- WHAT YOU WILL DO:
All of the records below must be reproduced exactly, minus any pictures.

- EXERCISE INPUTS:
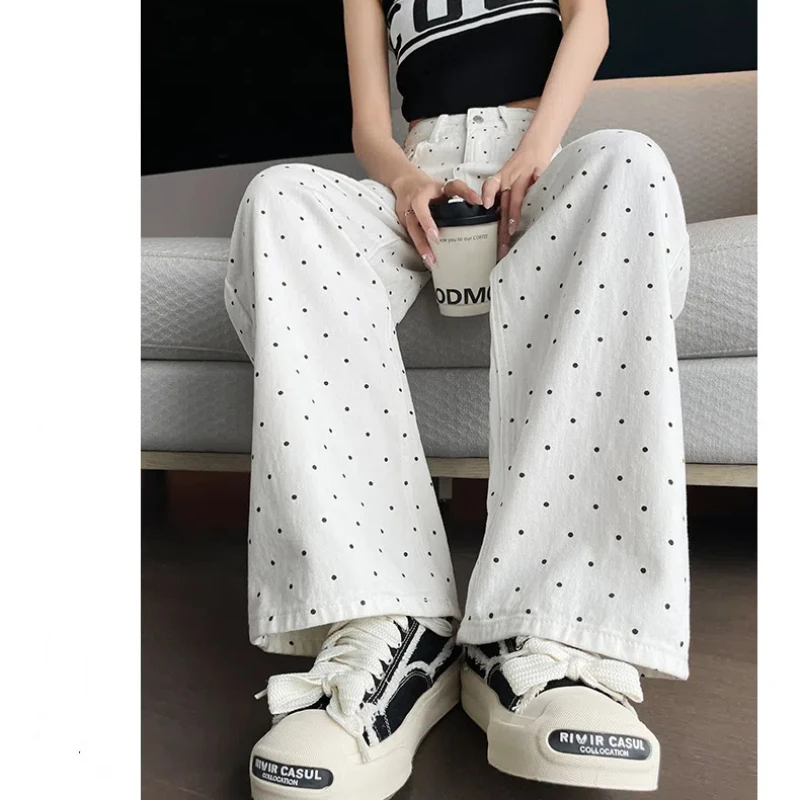 2024 Summer New Fashion Casual Women's High-waisted Button Zipper Polka Dot Printed Pockets Loose Straight Denim Wide Leg Pants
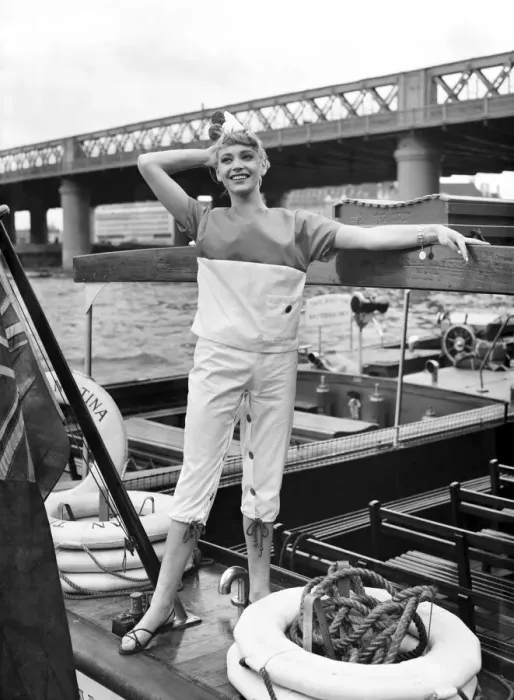 Framed Print : Clothing: Beachwear: Red and white sunsuit modelled by Margaret Simons. July 1951 B732 Framed Print : Clothing: Beachwear: Red and white sunsuit modelled by Margaret Simons. July 1951 B732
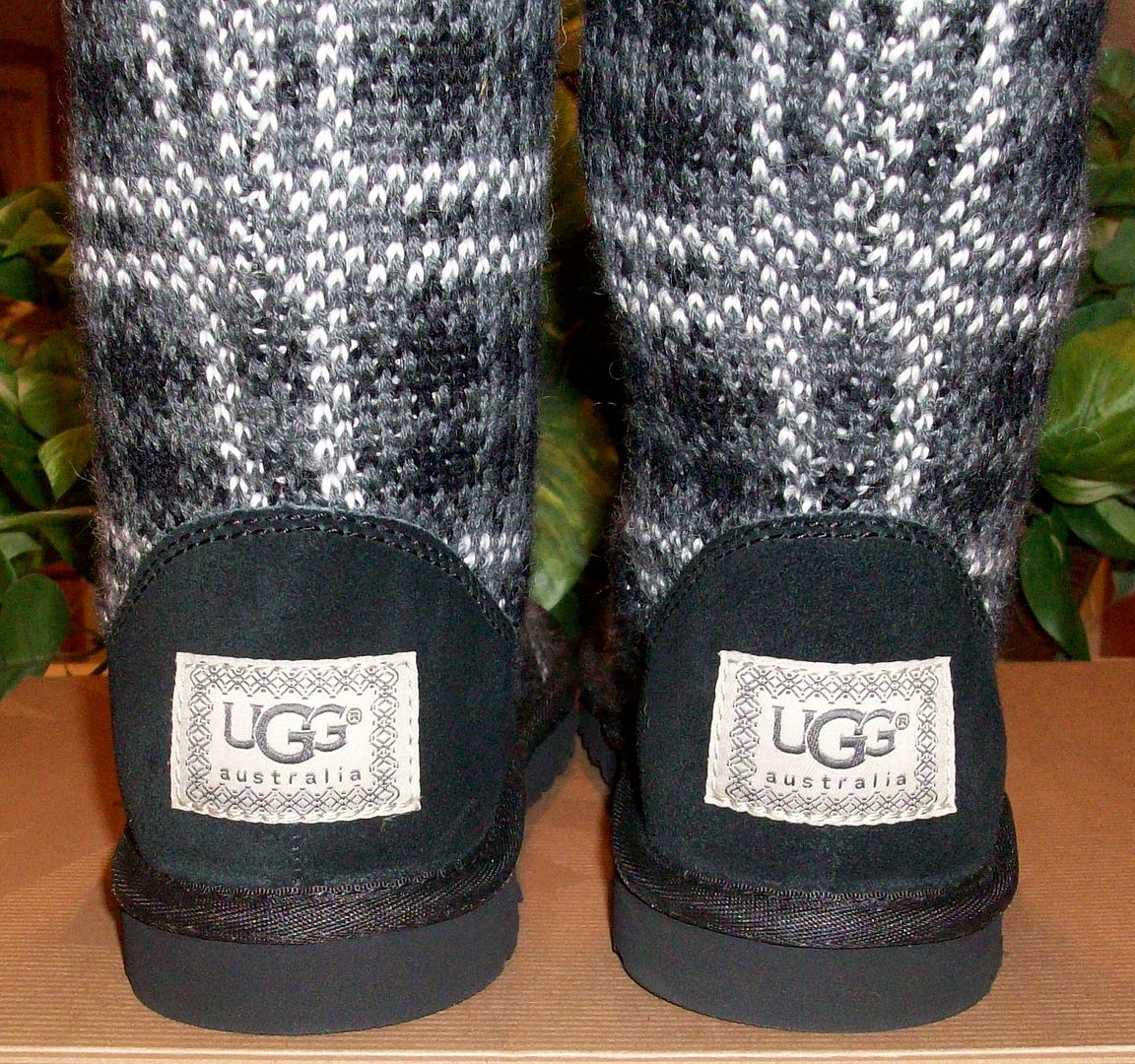 1877 plaid knit charcoal boots heels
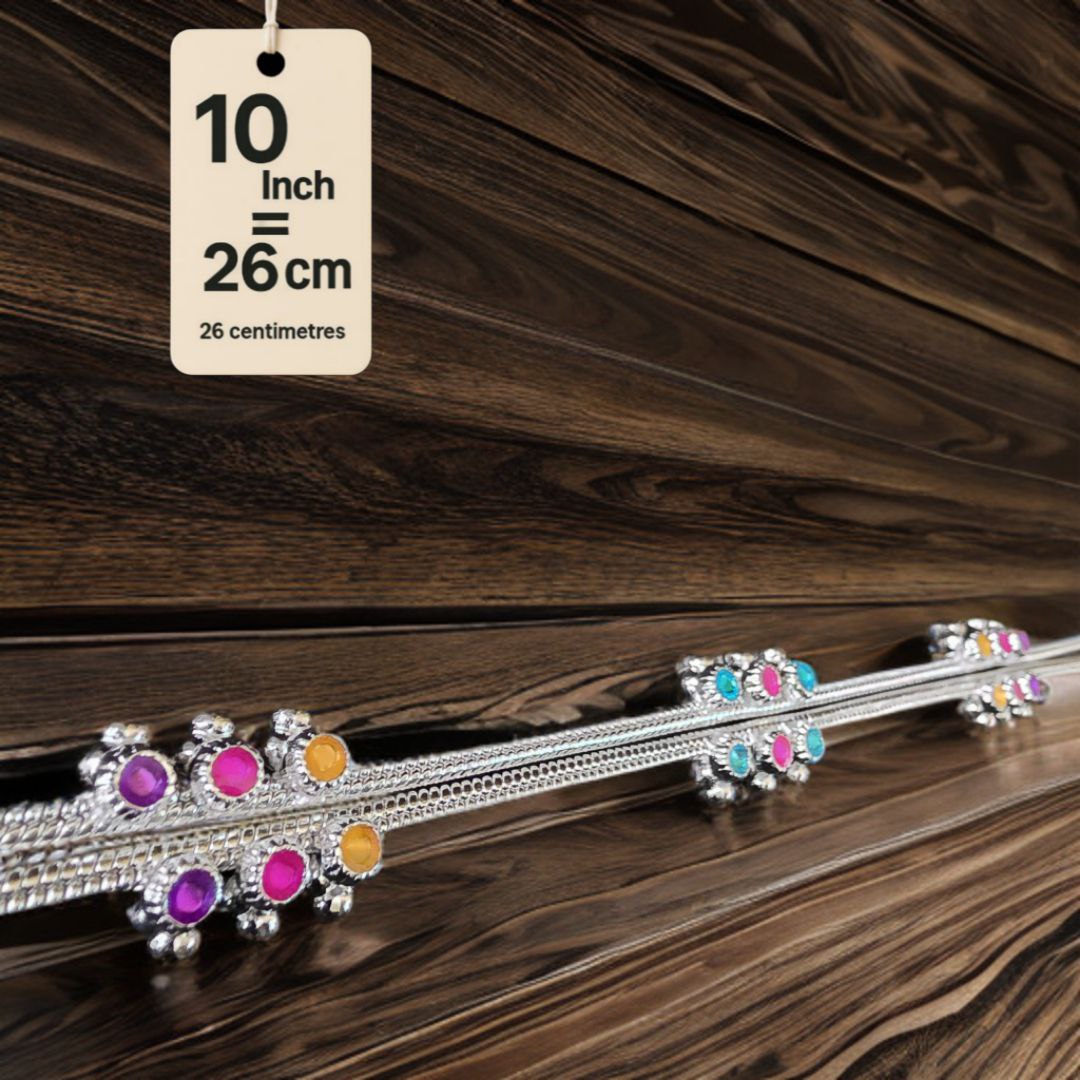 Traditional GermanSilver-Silver Plated Anklet Set with Multicolour Gemstones, Melodious Bells, 26 cm Length, non Adjustable- 10Inch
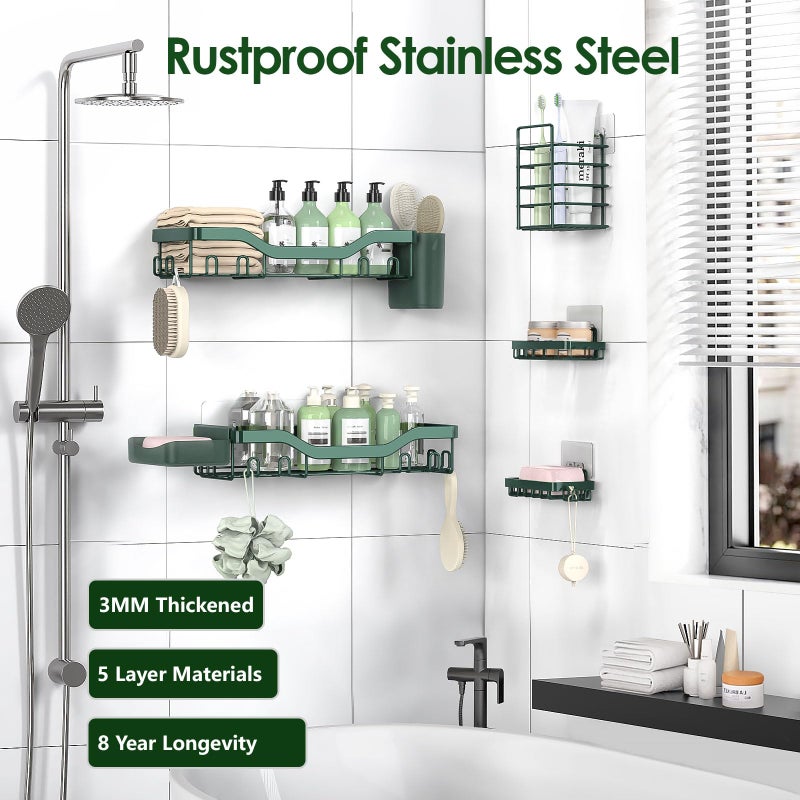 NESOMI Shower Caddy Adhesive Shower Organizer 7-Pack, Rustproof Stainless Steel Bathroom Shelves, Large Capacity No-Drill Rack Storage Accessories with Soap Dish Toothbrush Holder Hooks - Image 5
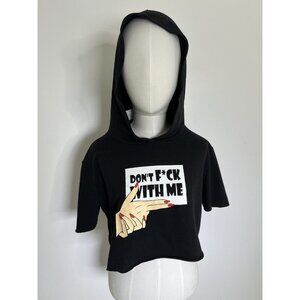 Madrag Don’t F With Me Hoodie Crop Top Women’s Size Small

- ANSWER TO THE PROBLEM:
 2024 Summer New Fashion Casual Women's High-waisted Button Zipper Polka Dot Printed Pockets Loose Straight Denim Wide Leg Pants
 Framed Print : Clothing: Beachwear: Red and white sunsuit modelled by Margaret Simons. July 1951 B732 Framed Print : Clothing: Beachwear: Red and white sunsuit modelled by Margaret Simons. July 1951 B732
 1877 plaid knit charcoal boots heels
 Traditional GermanSilver-Silver Plated Anklet Set with Multicolour Gemstones, Melodious Bells, 26 cm Length, non Adjustable- 10Inch
 NESOMI Shower Caddy Adhesive Shower Organizer 7-Pack, Rustproof Stainless Steel Bathroom Shelves, Large Capacity No-Drill Rack Storage Accessories with Soap Dish Toothbrush Holder Hooks - Image 5
 Madrag Don’t F With Me Hoodie Crop Top Women’s Size Small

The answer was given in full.